Many software developers and quality assurance engineers associate testing with expensive packet generators. These test systems send millions of identical packets at your device so the quality assurance engineer can observe the effects of an overloaded system. This “line speed testing” may help characterize the throughput of a network device, but that’s the extent of the information. The quality assurance engineer learns, for example, that the 20 Gbps interface on the device can only accommodate 19 Gbps! He completes his report, and sends the system back to the development engineers for more fine tuning and engineering. While line speed testing has a role – the product must operate at its rated speed – it is a minor role. Why? Because the testing imperative is reliability.

The paradox

The difference between line speed testing and functional testing has brought about a paradox in the world of system test. While functional testing tends to deliver the greater returns (e.g. finding more critical bugs), line speed testing often gets prioritized.

For most quality assurance engineers, line speed testing is easier to understand. In our earlier example, the benchmark was 20 Gbps sustained throughput. Line speed testing demonstrates that the system currently delivers 19 Gbps. Do the math! It is one Gbps short of the requirement. That’s easy to understand. In functional (conformance and compliance) testing, a quality assurance engineer may get a more complex test result (1) that requires the engineer to analyze the error, possibly consult some computer science texts on its properties, and try to understand how or why it occurred. That’s a lot of work!

Compare that analysis to understanding that 19 Gbps is less than 20 Gbps, and the appeal of line speed testing becomes clear.

Line Speed Testing 19 Gbps < 20 Gbps. Our product is one Gbps too slow!

Functional Testing The response OID 1.3.6.1.2.1.4.24.4. 1.1.0.0.0.0.0.0.0.0. 0.199.184.129.1 is lexicographically less than or equal to the request OID 1.3.6.1. 2.1.4.24.4.1.1.0.0.0. 4294967295.0.0.0.0. 0.199.184.129.1

Which line is easier to read?

The example illustrates how quality assurance engineers may favor line speed testing and give it more attention than warranted.

Line speed testing also frequently requires expensive specialized test hardware which means it often gets the lion’s share of the test equipment budget. However, it is functional testing that will most often uncover the most insidious bugs and architectural defects.

Realize that functional tests exercise more of your code. Exception cases and unusual conditions aren’t caught when just pumping the same packet through the system repeatedly. It takes functional tests to exercise the boundary conditions, and it is this boundary testing that truly hardens products before they ship. The result is that an investment in functional test tools will typically pay for itself much faster than the return on line speed testing. The payback on functional testing has been documented through third-party research. Fixing a single defect once a product has shipped can be as high as 10 times the cost of fixing the problem before product release. (2)

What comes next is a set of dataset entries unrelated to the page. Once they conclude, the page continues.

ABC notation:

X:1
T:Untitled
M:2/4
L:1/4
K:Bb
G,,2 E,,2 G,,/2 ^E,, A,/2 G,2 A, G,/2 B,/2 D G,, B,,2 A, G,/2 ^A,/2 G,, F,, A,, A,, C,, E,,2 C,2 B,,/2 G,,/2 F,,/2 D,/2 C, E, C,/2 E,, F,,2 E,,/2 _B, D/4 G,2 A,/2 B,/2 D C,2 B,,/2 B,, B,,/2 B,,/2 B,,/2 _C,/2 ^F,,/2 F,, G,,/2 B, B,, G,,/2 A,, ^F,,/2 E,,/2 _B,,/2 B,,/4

Why line speed testing isn’t enough

By focusing on line speed testing, companies often leave themselves more exposed than they realize.

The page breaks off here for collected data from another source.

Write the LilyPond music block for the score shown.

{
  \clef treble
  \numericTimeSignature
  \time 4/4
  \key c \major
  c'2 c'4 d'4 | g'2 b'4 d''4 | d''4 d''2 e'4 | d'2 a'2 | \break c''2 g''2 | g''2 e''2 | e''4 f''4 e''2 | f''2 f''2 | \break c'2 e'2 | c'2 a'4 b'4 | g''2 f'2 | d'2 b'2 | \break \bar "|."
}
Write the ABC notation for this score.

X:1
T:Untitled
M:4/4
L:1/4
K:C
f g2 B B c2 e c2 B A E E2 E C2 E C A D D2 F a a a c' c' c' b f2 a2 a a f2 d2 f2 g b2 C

Think of it this way - what is the value of throwing more traffic at a device than you know it can handle? You already know the device will not be able to process all the packets; all you can accomplish is to verify that the device fails gracefully. While important, this is a small component of the testing required.

Functional testing, on the other hand, tests the broad range of use cases that can cause a device to fail or act unpredictably. These types of bugs are much harder to trace back to a root cause when first reported by your customers. Imagine your top customer experiencing an unexplained and infrequent crash that you cannot reproduce in your lab. Your customer loses faith in your product and your reputation suffers while you spend weeks or months trying to identify a root cause. Often the cause of the fault can be as simple as a single errant malformed packet that triggers a software defect (something that would be uncovered with proper functional testing). If the customer had reported a crash due to overwhelming the device with excessive traffic, the root cause would be much simpler to find and fix.

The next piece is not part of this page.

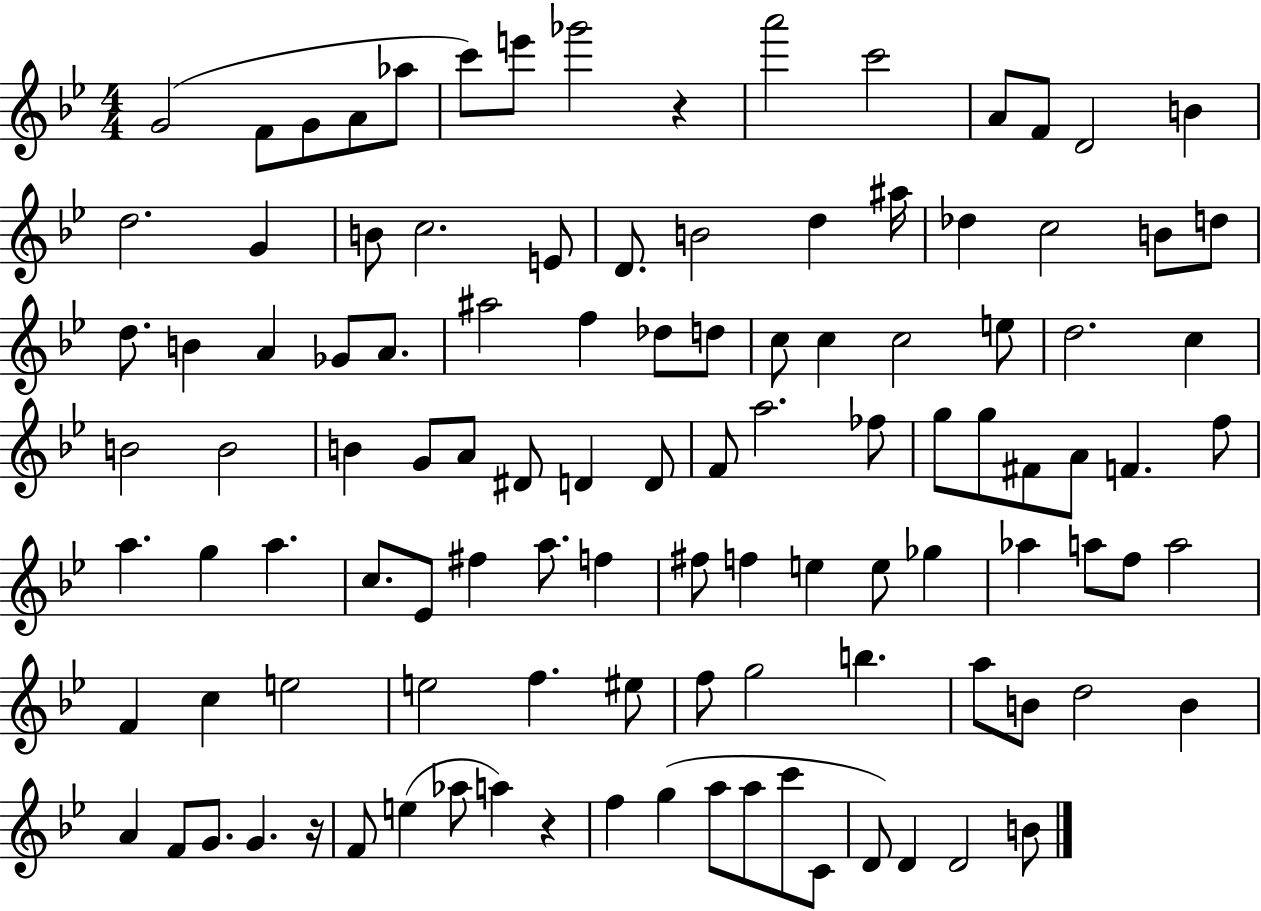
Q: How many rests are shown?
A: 3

The hidden costs of misallocated test resources

Preemptive testing of boundary conditions can help your engineers find and fix errant problems before they are discovered in the field. The cost of a test suite to exercise a broad range of abnormal conditions is generally far less than a team of engineers trying to track down a problem reported by a customer. (3) Add to that the cost of losing your customer’s confidence or business, and it quickly becomes apparent that the investment in functional testing is worth every penny.

In short, functional testing uncovers the more subtle bugs. These are the bugs that are hardest to find once your product is deployed. All devices require functional testing, whereas only specialized packet forwarding devices (such as network switches and routers) really benefit from intensive line speed testing.

Comprehensive functional testing will save—and can even help make—you money by:

Reducing up-front costs (functional tests are more economical than specialized line speed testing hardware)
Minimizing expense on the back-end by eliminating the fire fighting that would have occurred had the product shipped with defects
Maintaining and enhancing your reputation with your customers, preserving the relationship for future business opportunities

Build vs. buy

No business can provide 100% perfect test coverage. You need to spend your dollars wisely and get the greatest bang-for-the-buck. A frequent mistake is to assume that it is cheaper to hire a low-wage engineer to write tests than it is to buy a test suite. Remember, coverage is the key.

Third-party test suites have been expanded and matured over time, whereas internally developed tests invariably miss large segments of testing due to limited time, inexperience and the myopic views of internal development. When the same development team is deciding what to test, big areas are often overlooked simply due to “group-think”. Only massive programs (like the space shuttle program) can afford to separately staff a completely independent and comprehensive test program. (4) And even these programs are smart enough to buy whatever tests they can in order to maximize coverage and to concentrate on building only what cannot be purchased.

Summary

In short, spend wisely but don’t overlook the costs of releasing a buggy product. Finding and fixing software defects constitutes the largest identifiable expense for the software industry. (5)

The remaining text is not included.